━━━ DATA FOR THE TASK ━━━
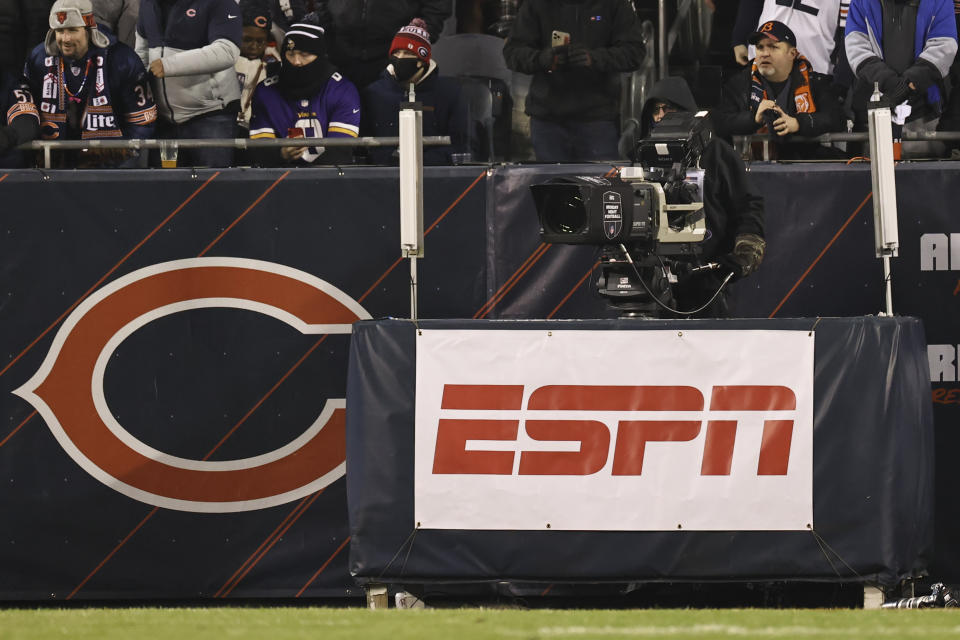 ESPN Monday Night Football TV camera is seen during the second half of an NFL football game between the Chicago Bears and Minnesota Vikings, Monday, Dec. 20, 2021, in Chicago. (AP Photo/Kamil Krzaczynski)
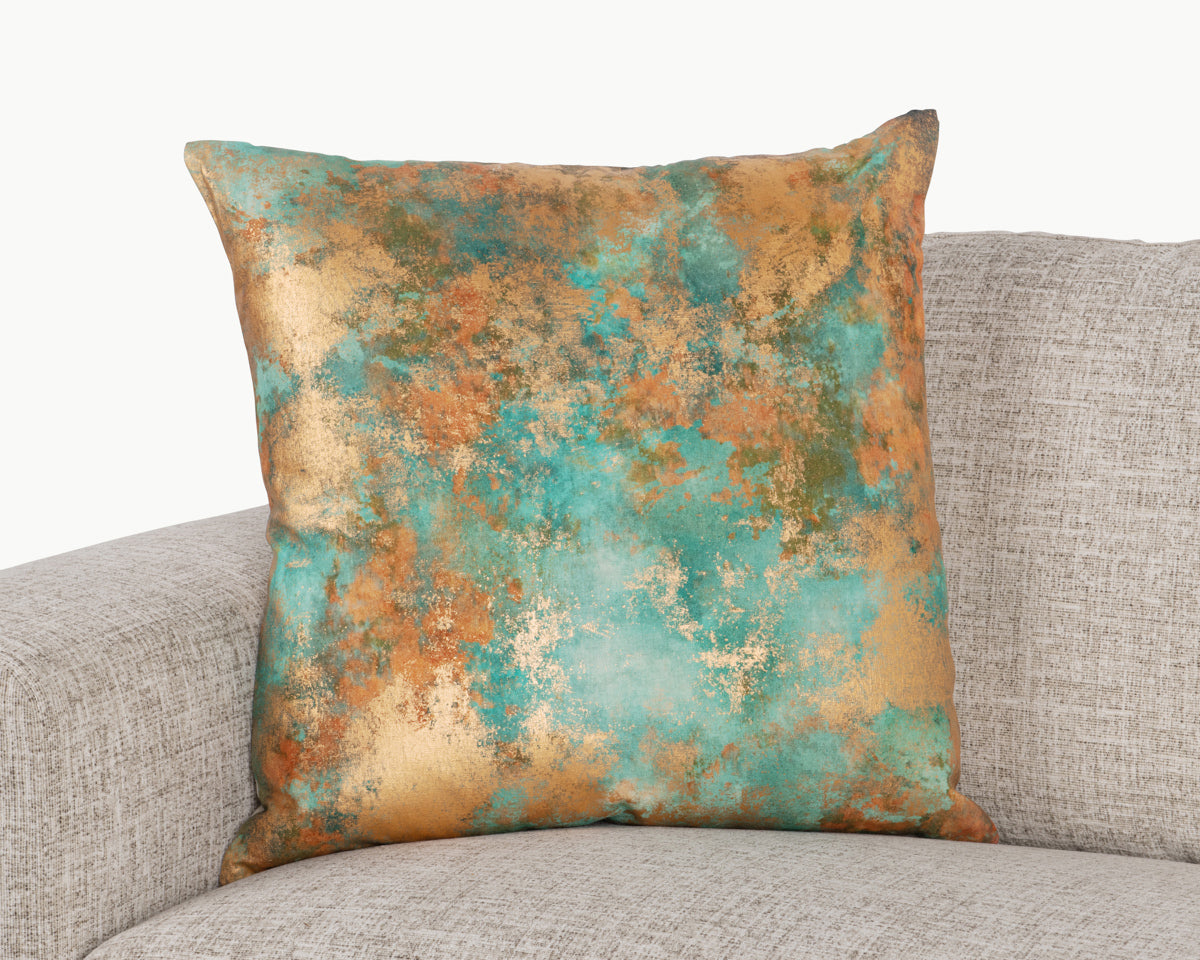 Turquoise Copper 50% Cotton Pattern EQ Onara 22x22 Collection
━━━
━━━ DATA FOR THE TASK ━━━
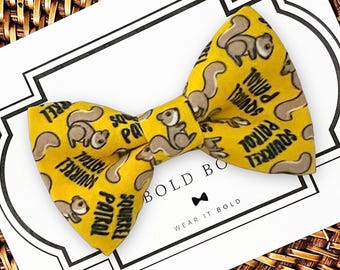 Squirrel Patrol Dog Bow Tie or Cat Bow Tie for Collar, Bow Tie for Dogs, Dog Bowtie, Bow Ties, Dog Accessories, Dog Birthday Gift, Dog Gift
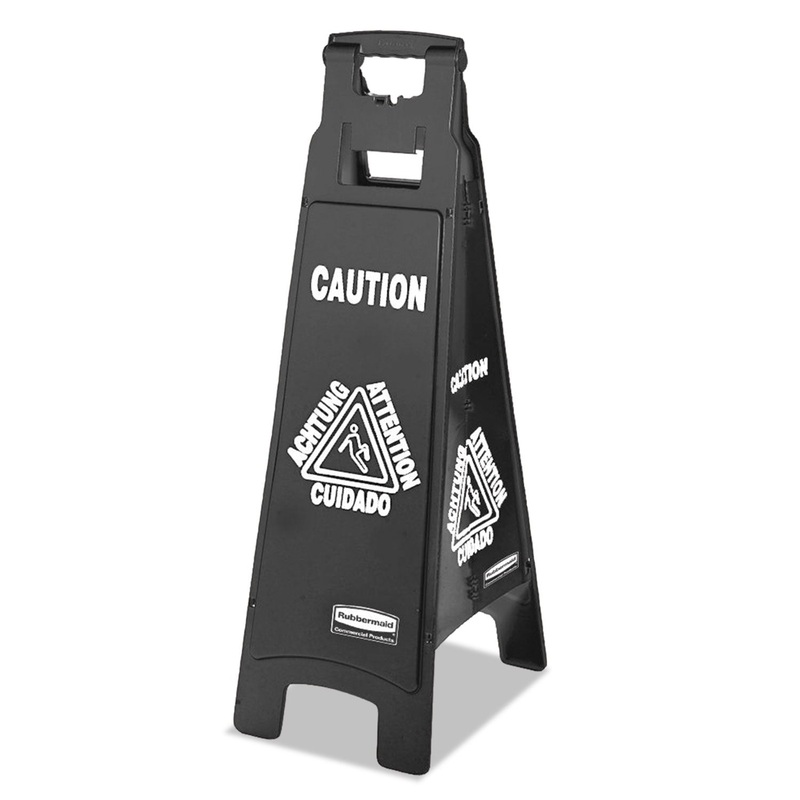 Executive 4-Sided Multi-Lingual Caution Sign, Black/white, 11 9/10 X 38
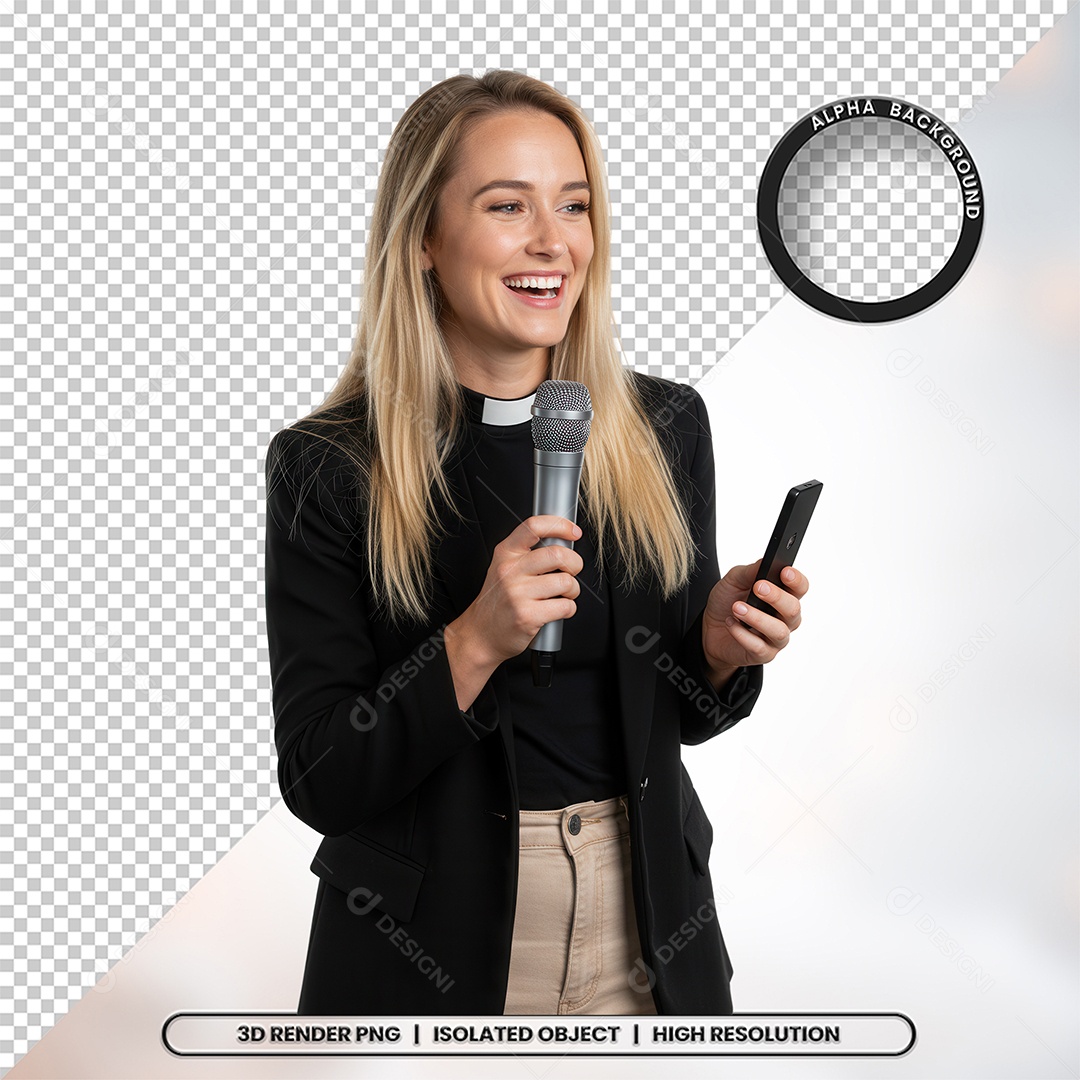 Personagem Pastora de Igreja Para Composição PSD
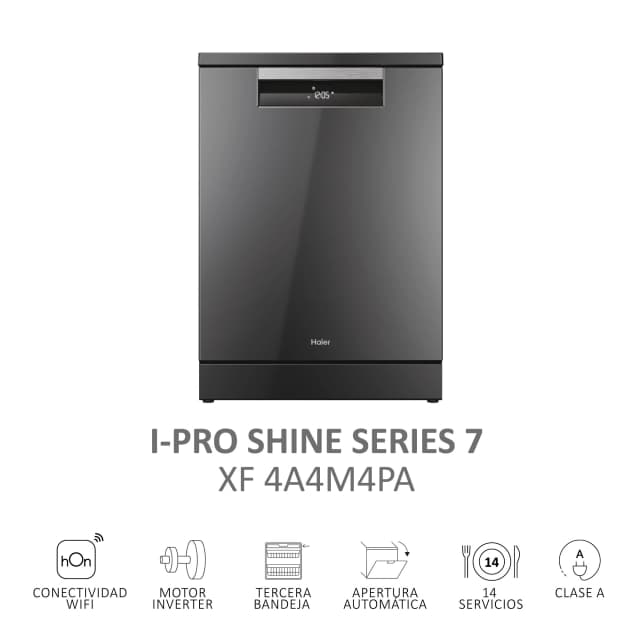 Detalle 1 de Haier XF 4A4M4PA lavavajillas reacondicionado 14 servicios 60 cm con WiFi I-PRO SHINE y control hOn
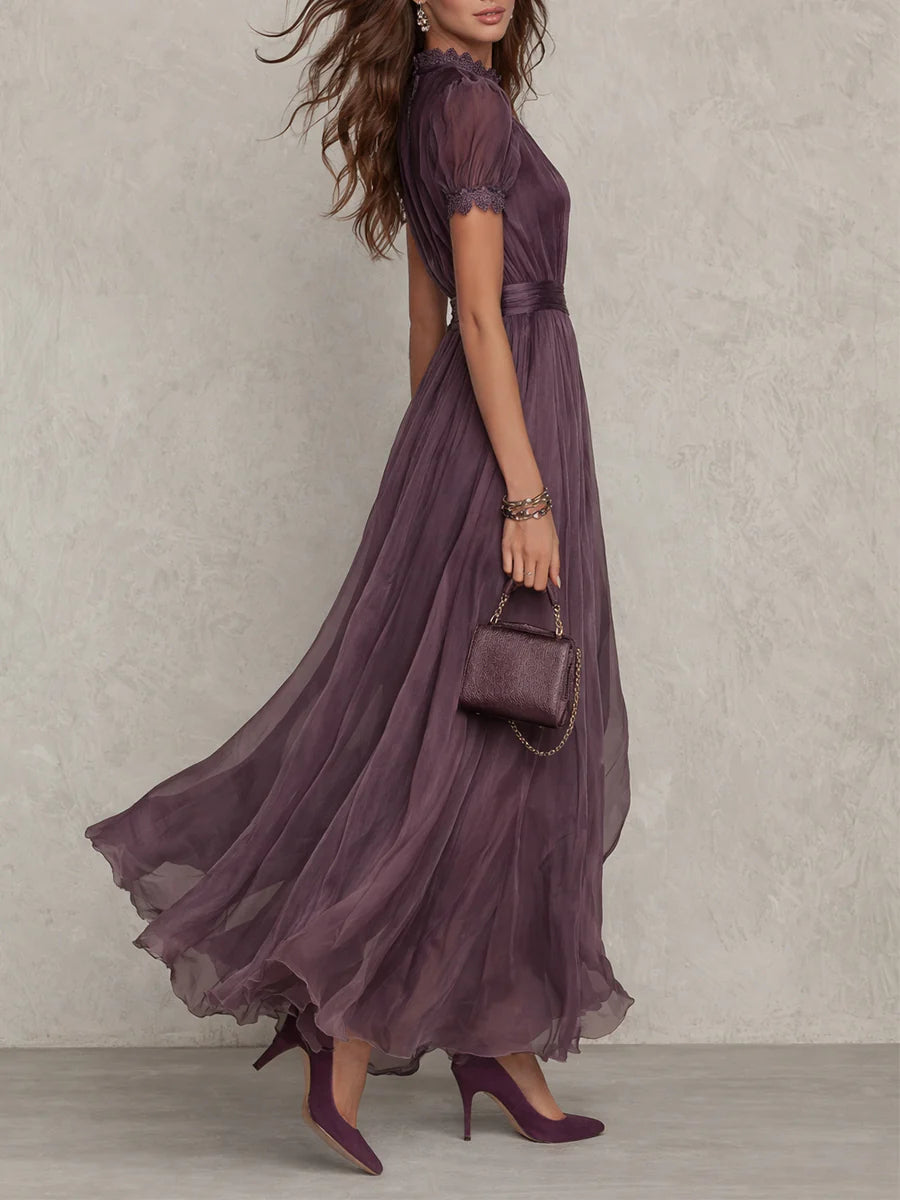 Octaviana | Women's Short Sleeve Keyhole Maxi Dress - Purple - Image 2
━━━
━━━ DATA FOR THE TASK ━━━
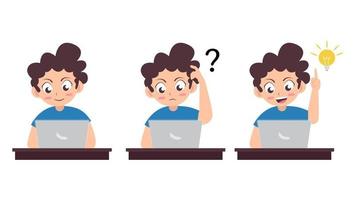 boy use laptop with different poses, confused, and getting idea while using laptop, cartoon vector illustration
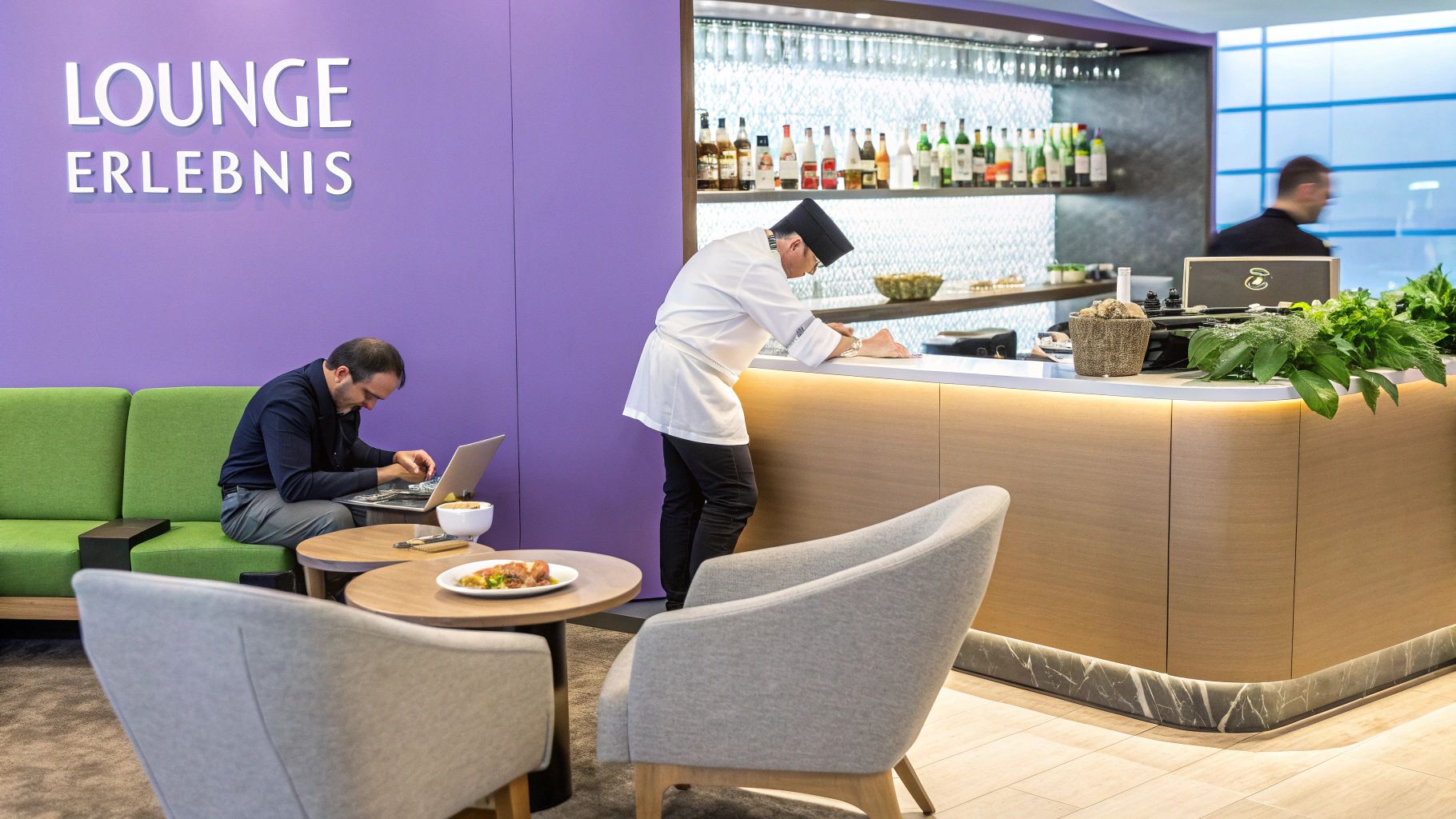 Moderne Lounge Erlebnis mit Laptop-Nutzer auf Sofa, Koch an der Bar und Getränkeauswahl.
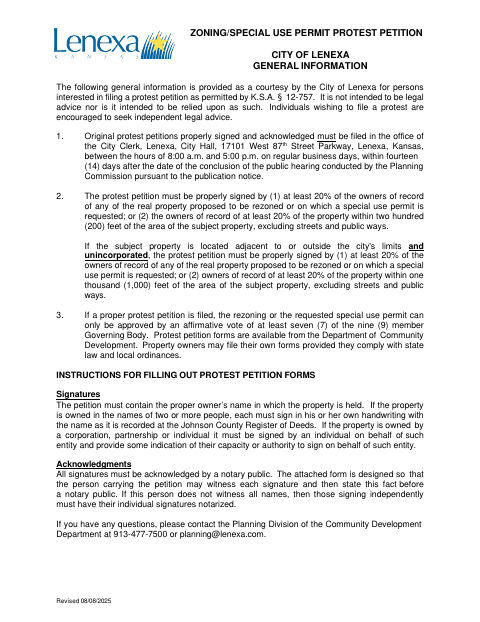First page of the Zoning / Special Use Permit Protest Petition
━━━
▸ DIRECTIONS
For the material above, give again only the lines starting at the line that contains "Detalle 1 de" and ending at the line that contains "Octaviana | Women's". Pictures do not belong in the copy.

▸ RESULT BELOW
 Detalle 1 de Haier XF 4A4M4PA lavavajillas reacondicionado 14 servicios 60 cm con WiFi I-PRO SHINE y control hOn
 Octaviana | Women's Short Sleeve Keyhole Maxi Dress - Purple - Image 2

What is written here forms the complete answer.